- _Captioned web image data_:
--*--

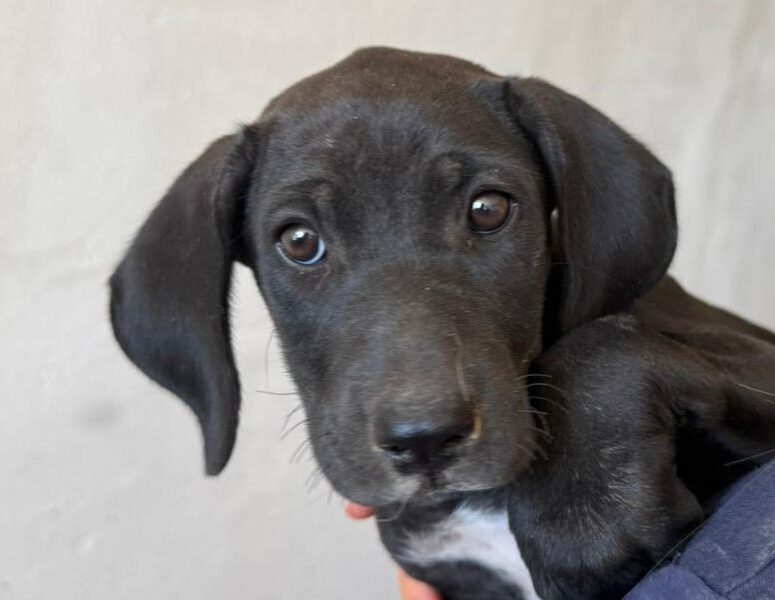 hunde-aus-dem-tierschutz-hunde-adoptieren-tierschutzverein-rhein-main-hunde-in-not-rhein-main-e.V.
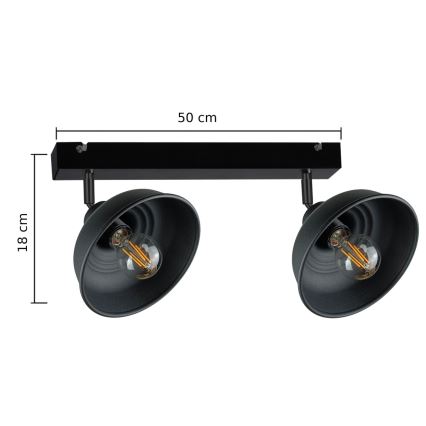 Akcentinis apšvietimas FAUN 2xE27/60W/230V juoda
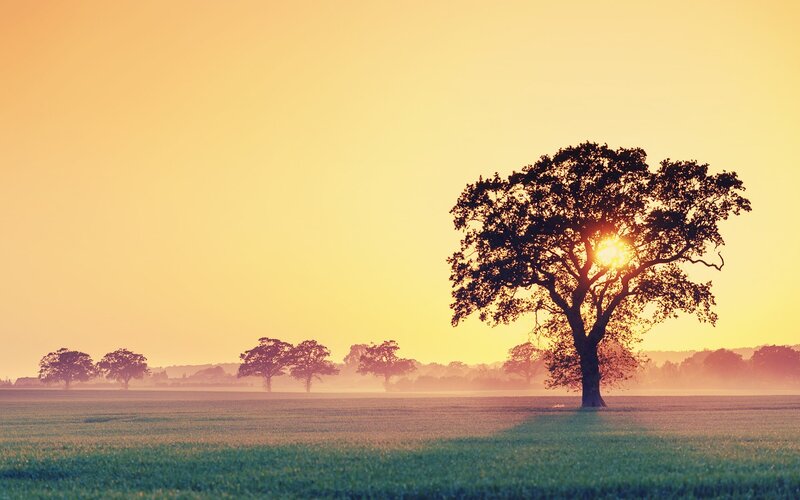 Solitary Tree in Field — Yellow, Serene, Sunset, Photograph, Trees, Sun
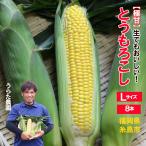 とうもろこし 甘い 恵味ゴールド 8本 うらた農園 生でも食べれる 朝採り トウモロコシ 福よかマーケット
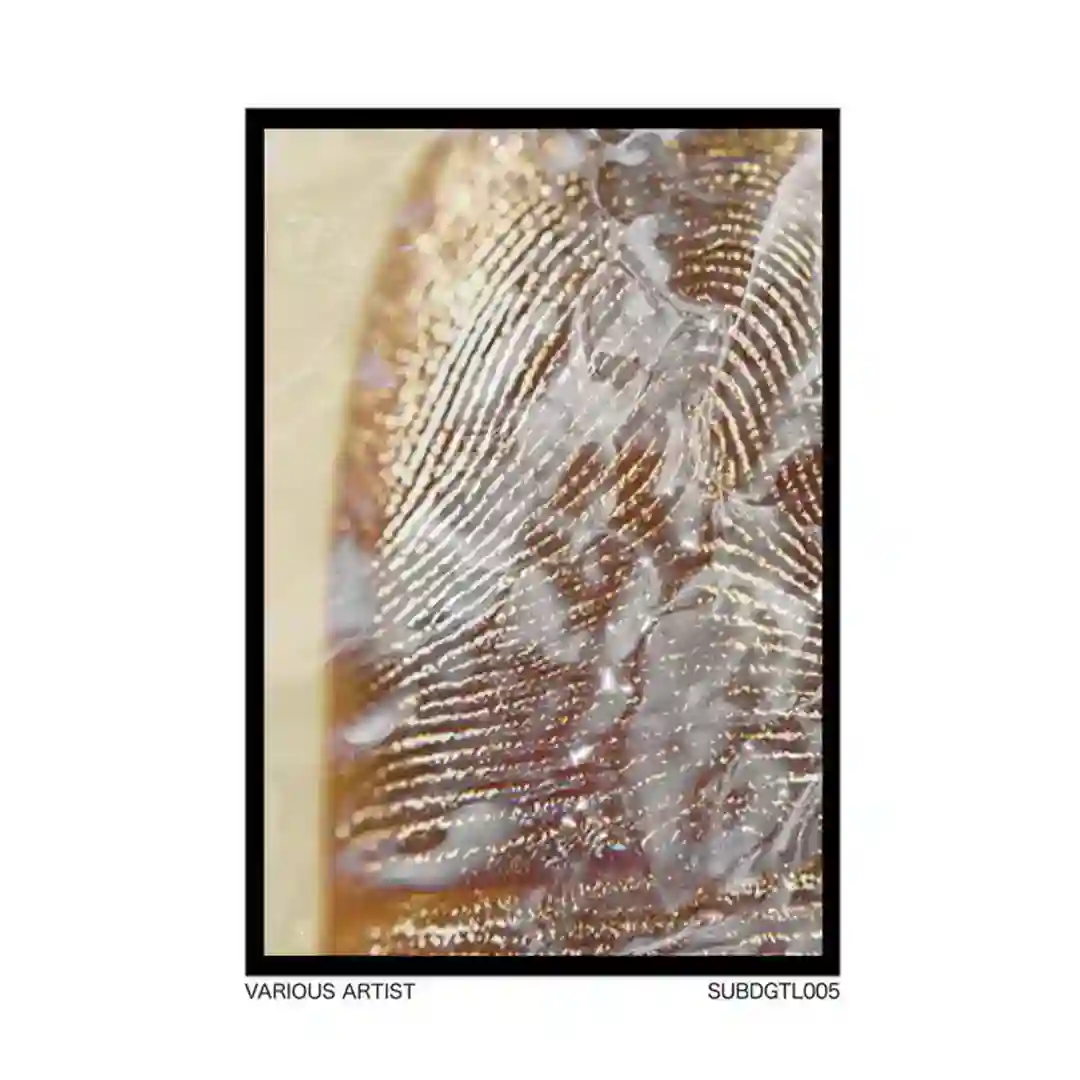 SUBDGTL005 cover
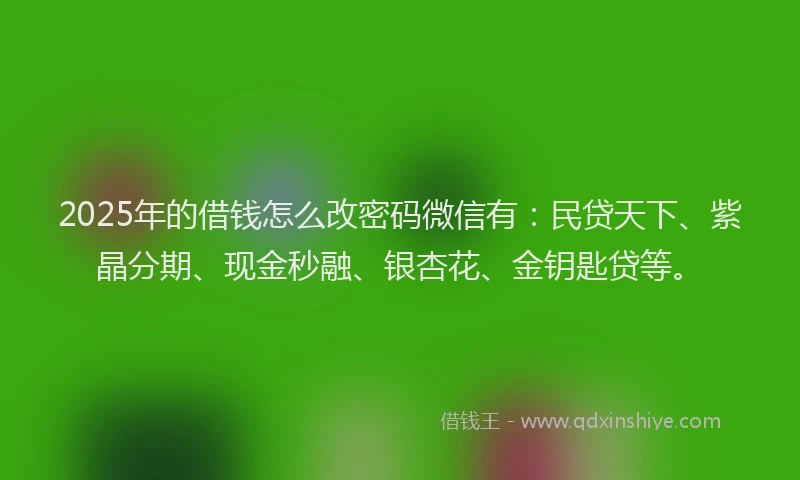 2025年的借钱怎么改密码微信有：民贷天下、紫晶分期、现金秒融、银杏花、金钥匙贷等。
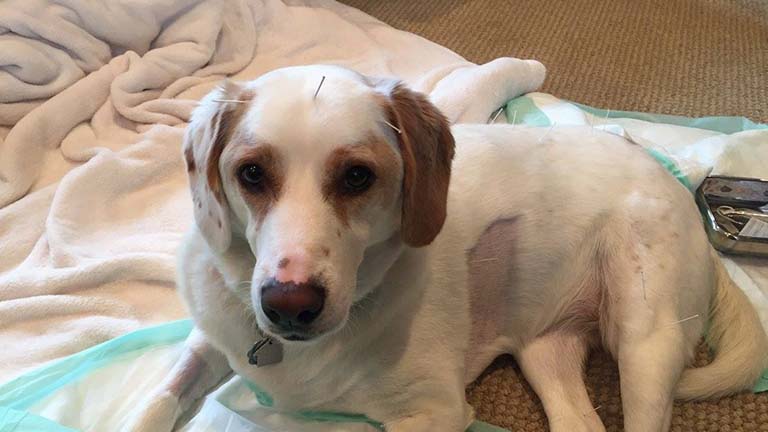 Megható: akupunktúrával gyógyult meg a lebénult kutyus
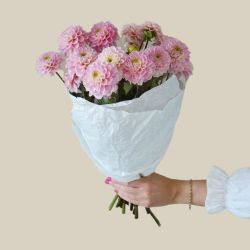 Bundt med 15 stilke lyserøde dahlia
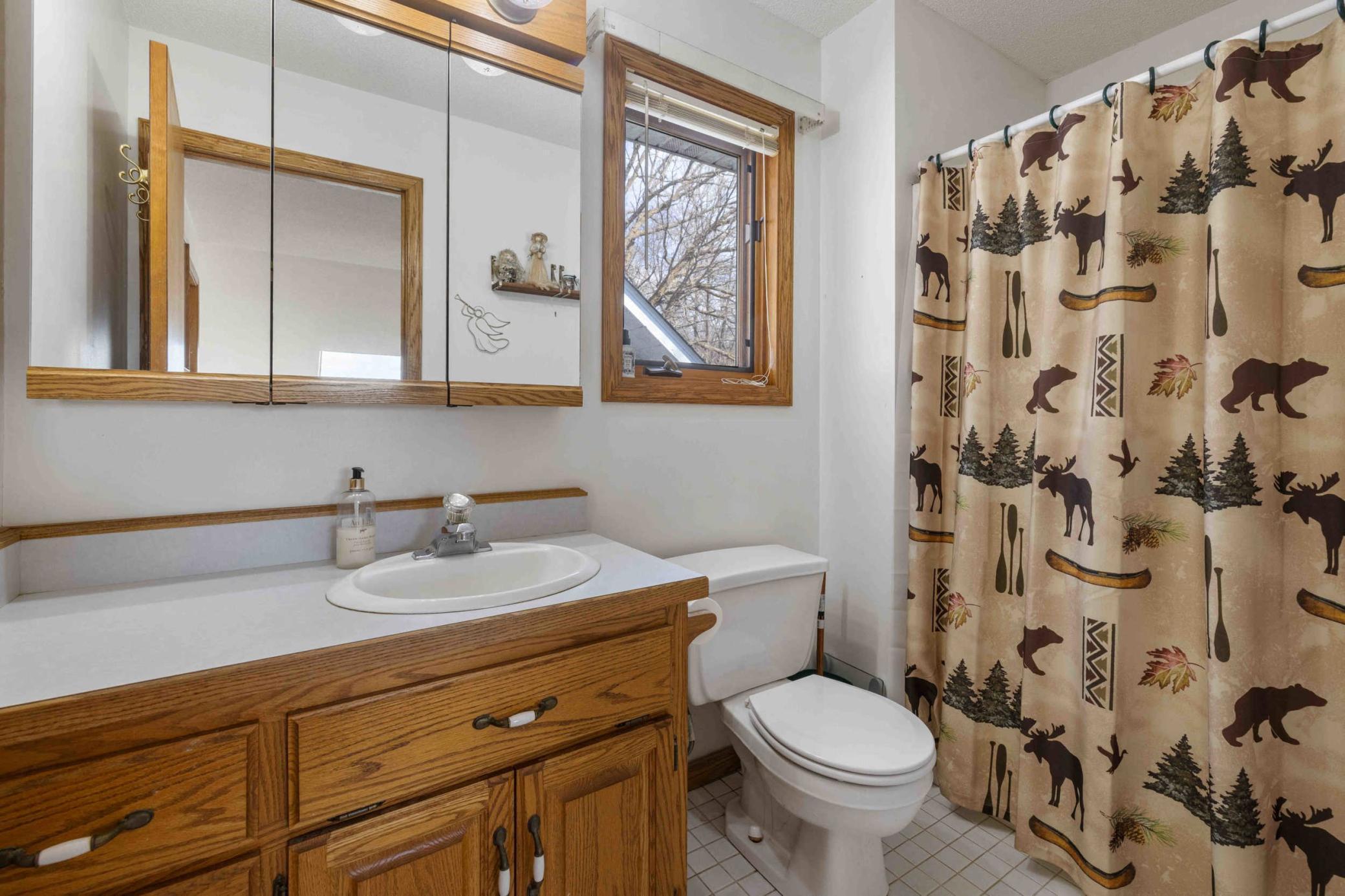 34470 Spruce Lane, Pequot Lakes, Minnesota image 16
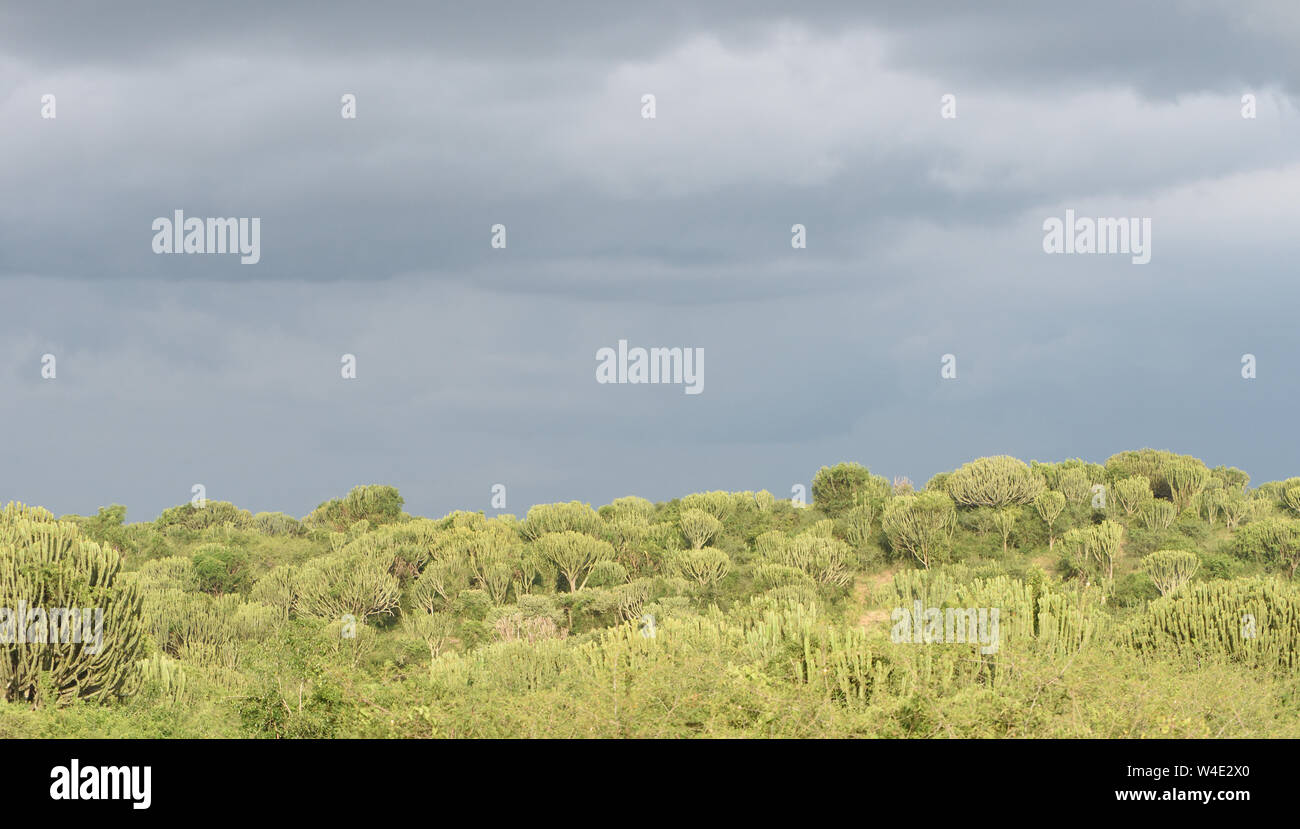 Strom nuvole sopra il Queen Elizabeth National Park. In primo piano sono invasive candelabri alberi (Euphorbia candelabro). Queen Elizabeth National Foto Stock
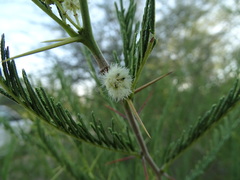 Vachellia arenaria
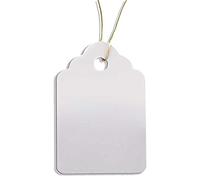 HomeTools.eu - 100 Etichette per Piante con asola, Ideali per Piante, Alberi e cespugli, in plastica, Misura 3,5 x 2,5 cm, Resistenti alle intemperie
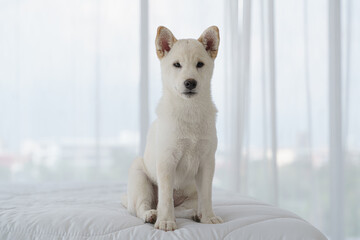 portrait of pedigree pure breed japanese dog shiba inu action on bed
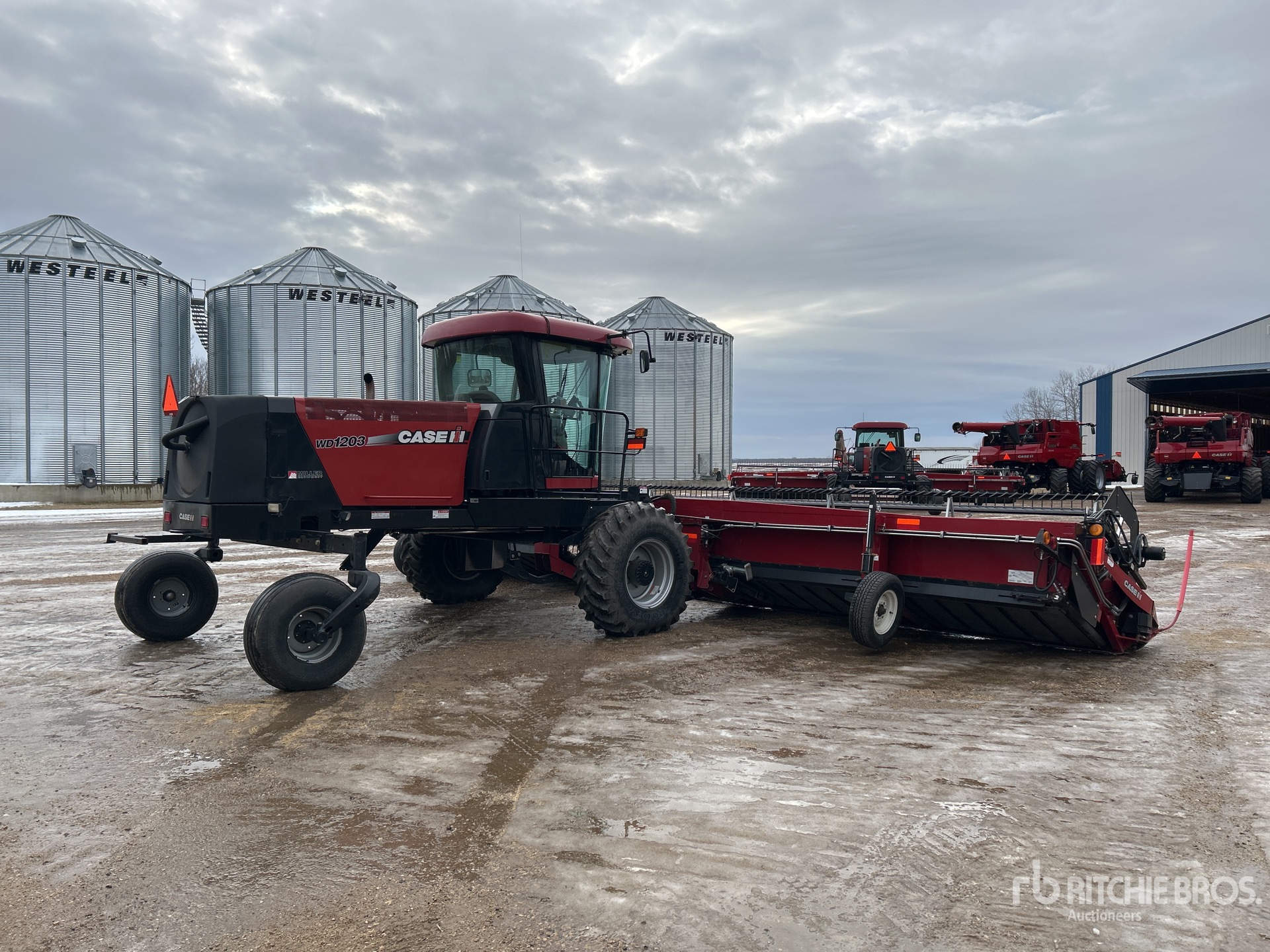 General Appearance with Zdjęcie, prawy dolny róg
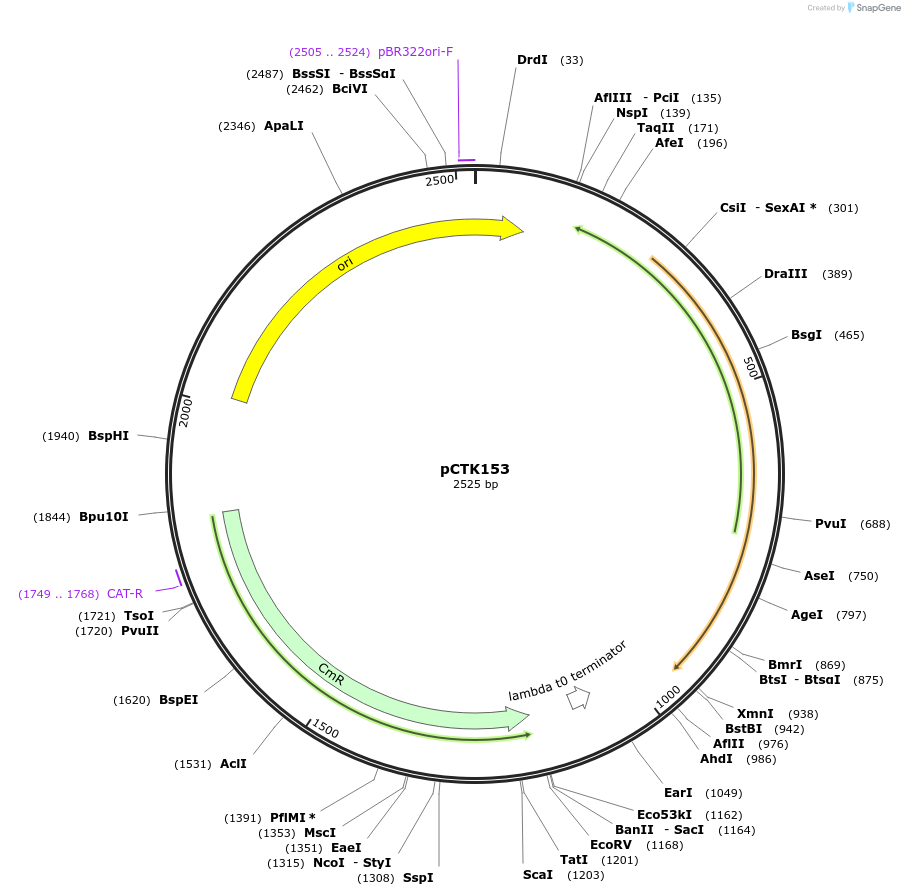 248516-plasmid-map-sequence-id-505314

--*--

- _Work task_: Your copy should hold exactly the lines from the one with "Megható: akupunktúrával gyógyult" through the end of the records, both included, and no pictures.

- _Finished exercise_:
 Megható: akupunktúrával gyógyult meg a lebénult kutyus
 Bundt med 15 stilke lyserøde dahlia
 34470 Spruce Lane, Pequot Lakes, Minnesota image 16
 Strom nuvole sopra il Queen Elizabeth National Park. In primo piano sono invasive candelabri alberi (Euphorbia candelabro). Queen Elizabeth National Foto Stock
 Vachellia arenaria
 HomeTools.eu - 100 Etichette per Piante con asola, Ideali per Piante, Alberi e cespugli, in plastica, Misura 3,5 x 2,5 cm, Resistenti alle intemperie
 portrait of pedigree pure breed japanese dog shiba inu action on bed
 General Appearance with Zdjęcie, prawy dolny róg
 248516-plasmid-map-sequence-id-505314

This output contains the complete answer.